Improved training in paraffin-wax impregnated Nb3Sn Rutherford cables demonstrated in BOX samples

TL;DR

This study demonstrates that paraffin wax impregnation in Nb3Sn Rutherford cables significantly reduces training requirements and enhances resilience to cycling, compared to traditional resin impregnation, in a specialized test platform.

Contribution

It introduces a novel impregnation method using paraffin wax that improves performance and reduces training in Nb3Sn magnet samples.

Findings

Paraffin wax-impregnated samples reached critical current without training.

Wax-impregnated samples showed high resilience to thermal and mechanical cycling.
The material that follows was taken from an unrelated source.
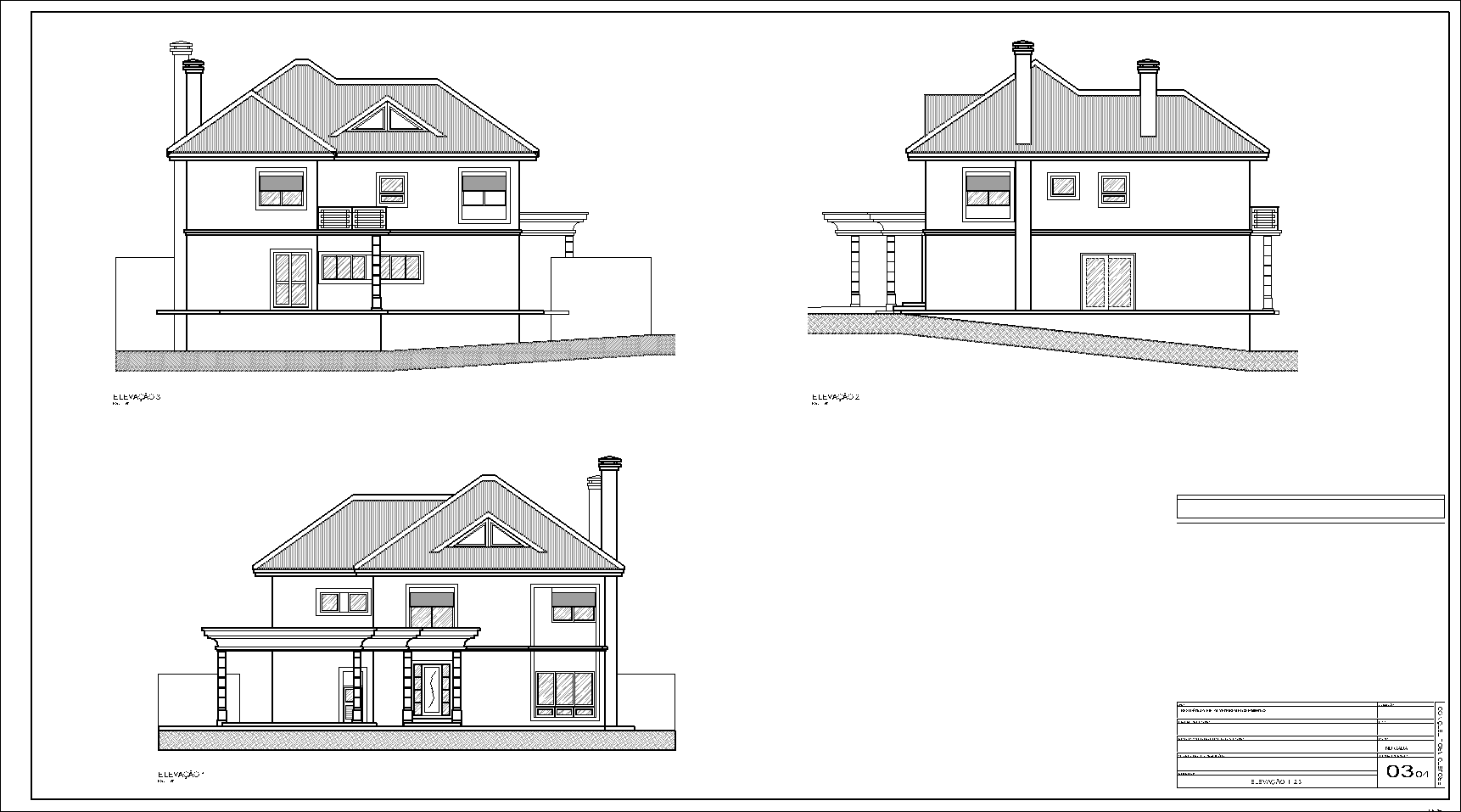 Residência com sótão, arquitetônico, 4 pranchas A1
Resin-impregnated samples exhibited extensive training and limited performance.

Abstract

Resin-impregnated high-field Nb3Sn type of accelerator magnets are known to require extensive training campaigns and even may exhibit performance-limiting defects after thermal or electromagnetic cycling. In order to efficiently explore technological solutions for this behaviour and assess a wide variety of impregnation material combinations and surface treatments, the BOnding eXperiment (BOX) sample was developed. BOX provides a short-sample test platform featuring magnet-relevant Lorentz forces and exhibits associated training. Here we report on the comparative behaviour of BOX samples comprising the same Nb3Sn Rutherford cable but impregnated either with common resins used in high-field magnets, or with less conventional paraffin wax. Remarkably, the two paraffin wax-impregnated BOX samples reached their critical current without training and are also resilient to thermal and mechanical cycling. These rather encouraging results strongly contrast to those obtained with resin impregnated samples, which show the characteristic extensive training and at best barely reach their critical current value.